Re: [vdsm] Future of Vdsm network configuration - Thread mid-summary

Itamar Heim Tue, 27 Nov 2012 12:20:07 -0800

On 11/27/2012 03:17 PM, Alon Bar-Lev wrote:



----- Original Message -----

From: "Itamar Heim" <[email protected]>
To: "Alon Bar-Lev" <[email protected]>
Cc: "Livnat Peer" <[email protected]>, "VDSM Project Development" 
<[email protected]>
Sent: Tuesday, November 27, 2012 10:08:34 PM
Subject: Re: [vdsm] Future of Vdsm network configuration - Thread mid-summary

On 11/26/2012 03:18 PM, Alon Bar-Lev wrote:



----- Original Message -----

From: "Livnat Peer" <[email protected]>
To: "Shu Ming" <[email protected]>
Cc: "Alon Bar-Lev" <[email protected]>, "VDSM Project
Development" <[email protected]>
Sent: Monday, November 26, 2012 2:57:19 PM
Subject: Re: [vdsm] Future of Vdsm network configuration - Thread
mid-summary

On 26/11/12 03:15, Shu Ming wrote:

Livnat,

Thanks for your summary.  I got comments below.

2012-11-25 18:53, Livnat Peer:

Hi All,
We have been discussing $subject for a while and I'd like to
summarized
what we agreed and disagreed on thus far.

The way I see it there are two related discussions:


1. Getting VDSM networking stack to be distribution agnostic.
- We are all in agreement that VDSM API should be generic enough
to
incorporate multiple implementation. (discussed on this thread:
Alon's
suggestion, Mark's patch for adding support for netcf etc.)

- We would like to maintain at least one implementation as the
working/up-to-date implementation for our users, this
implementation
should be distribution agnostic (as we all acknowledge this is
an
important goal for VDSM).
I also think that with the agreement of this community we can
choose to
change our focus, from time to time, from one implementation to
another
as we see fit (today it can be OVS+netcf and in a few months
we'll
use
the quantum based implementation if we agree it is better)

2. The second discussion is about persisting the network
configuration
on the host vs. dynamically retrieving it from a centralized
location
like the engine. Danken raised a concern that even if going with
the
dynamic approach the host should persist the management network
configuration.


About dynamical retrieving from a centralized location,  when
will
the
retrieving start? Just in the very early stage of host booting
before
network functions?  Or after the host startup and in the normal
running
state of the host?  Before retrieving the configuration,  how
does
the
host network connecting to the engine?
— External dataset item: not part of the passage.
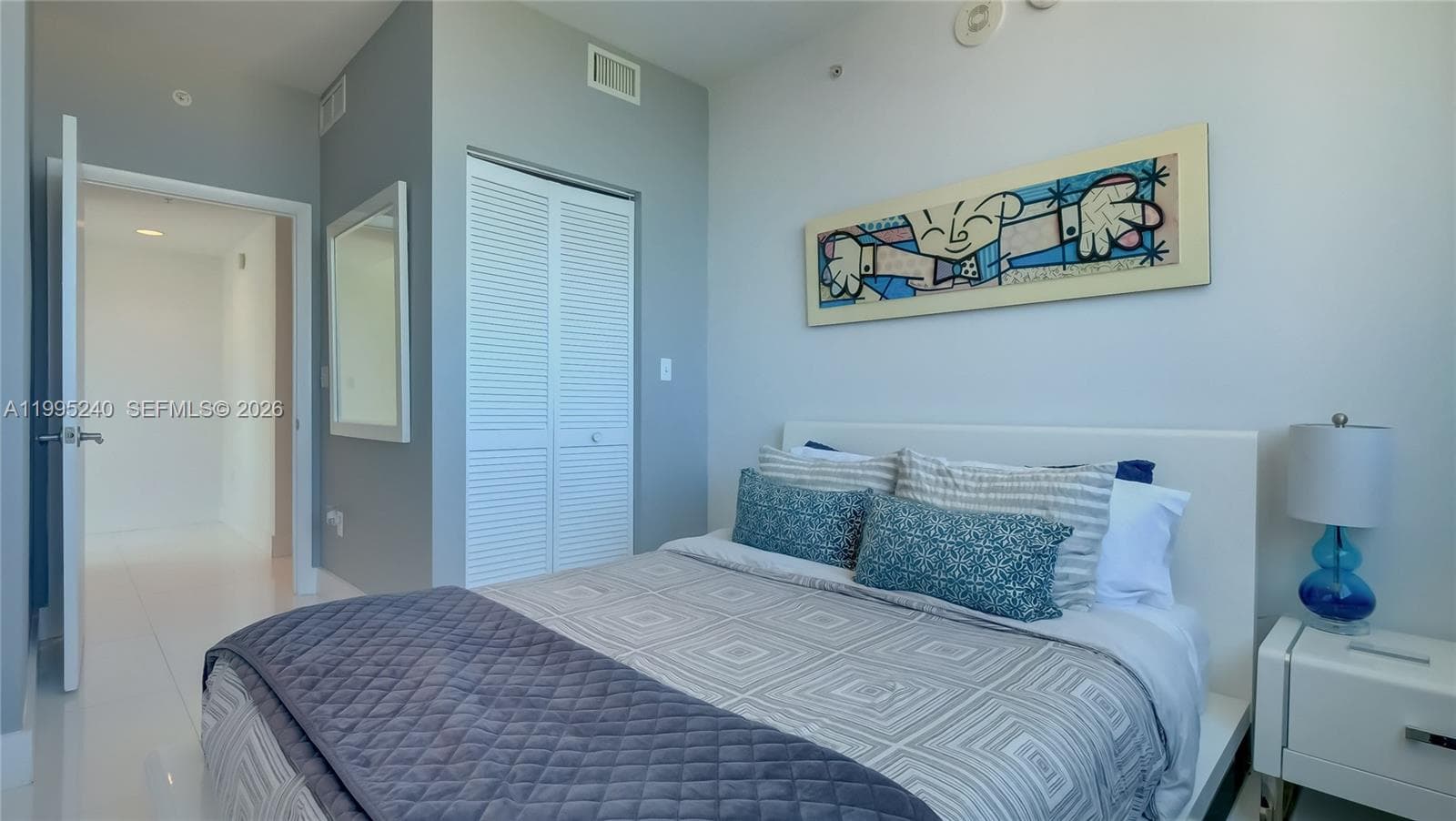 253 NE 2nd St # 3509, Miami FL 33132 — 33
I think we need a basic
well
known network between hosts and the engine first.  Then after the
retrieving, hosts should reconfigure the network for later
management.
However, the timing to retrieve and reconfigure are challenging.


We did not discuss the dynamic approach in details on the list so
far
and I think this is a good opportunity to start this discussion...
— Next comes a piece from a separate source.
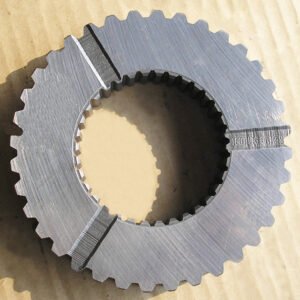 Dongfeng Truck Parts Reverse fixed teeth base DC12J150T-116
  From what was discussed previously I can say that the need for a
  well
known network was raised by danken, it was referred to as the
management
network, this network would be used for pulling the full host
network
configuration from the centralized location, at this point the
engine.

About the timing for retrieving the configuration, there are
several
approaches. One of them was described by Alon, and I think he'll
join
this discussion and maybe put it in his own words, but the idea
was
to
'keep' the network synchronized at all times. When the host have
communication channel to the engine and the engine detects there
is a
mismatch in the host configuration, the engine initiates 'apply
network
configuration' action on the host.

Using this approach we'll have a single path of code to maintain
and
that would reduce code complexity and bugs - That's quoting Alon
Bar
Lev
(Alon I hope I did not twisted your words/idea).
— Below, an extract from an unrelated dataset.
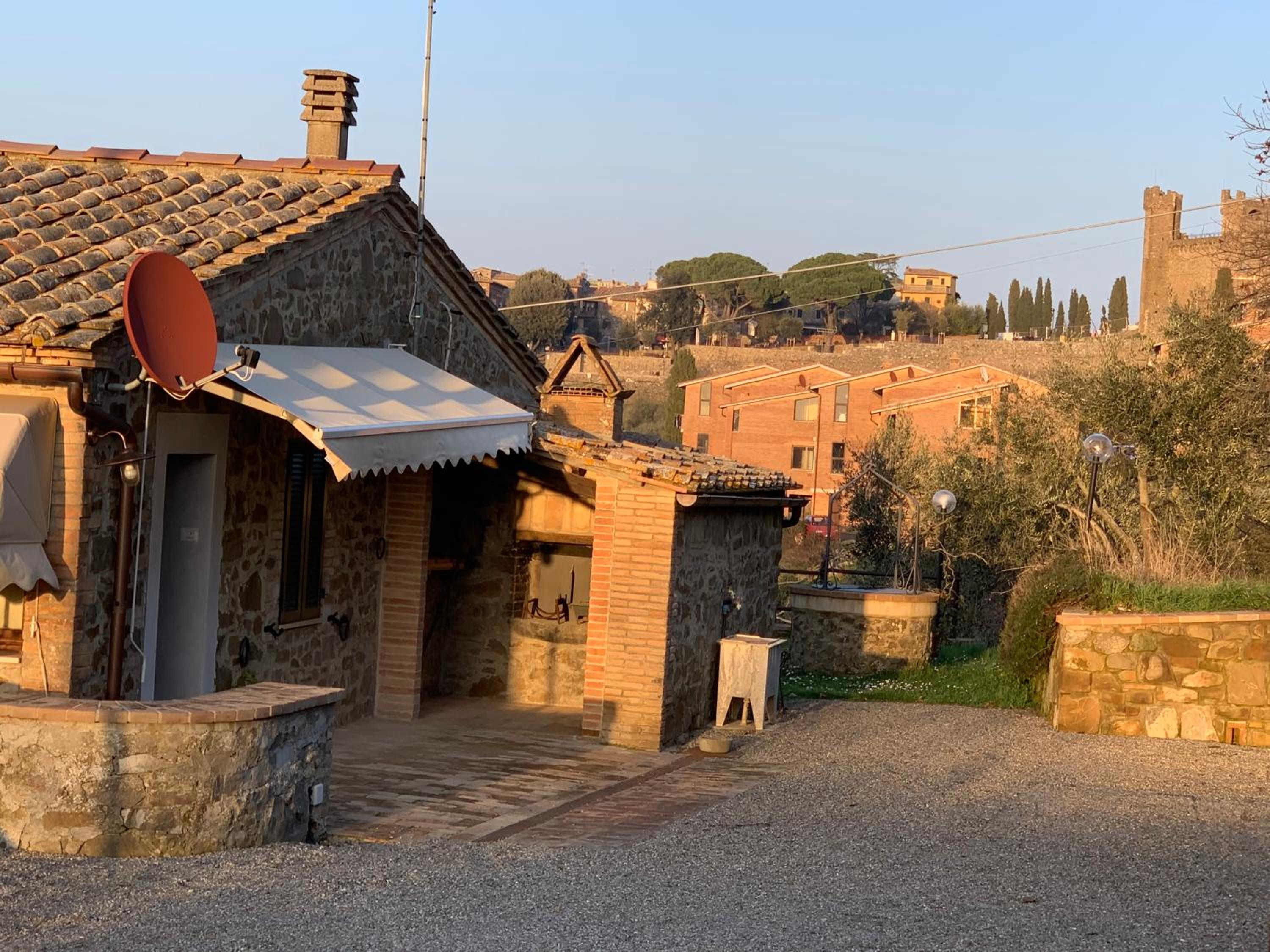 CASA VACANZE ELISABETTA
On the other hand the above approach makes local tweaks on the
host
(done manually by the administrator) much harder.

Any other approaches ?

I'd like to add a more general question to the discussion what are
the
advantages of taking the dynamic approach?
So far I collected two reasons:

-It is a 'cleaner' design, removes complexity on VDSM code, easier
to
maintain going forward, and less bug prone (I agree with that one,
as
long as we keep the retrieving configuration mechanism/algorithm
simple).

-It adheres to the idea of having a stateless hypervisor - some
more
input on this point would be appreciated

Any other advantages?

discussing the benefits of having the persisted

Livnat


Sorry for the delay. Some more expansion.

ASSUMPTION

After boot a host running vdsm is able to receive communication
from engine.
This means that host has legitimate layer 2 configuration and layer
3 configuration for the interface used to communicate to engine.

MISSION

Reduce complexity of implementation, so that only one algorithm is
used in order to reach to operative state as far as networking is
concerned.

(Storage is extremely similar I can s/network/storage/ and still be
relevant).

DESIGN FOCAL POINT

Host running vdsm is a complete slave of its master, will it be
ovirt-engine or other engine.

Having a complete slave ease implementation:

   1. Master always apply the setting as-is.
   2. No need to consider slave state.
   3. No need to implement AI to reach from unknown state X to known
   state Y + delta.
   4. After reboot (or fence) host is always in known state.

ALGORITHM

A. Given communication to vdsm, construct required vlan, bonding,
bridge setup on machine.

B. Reboot/Fence - host is reset, apply A.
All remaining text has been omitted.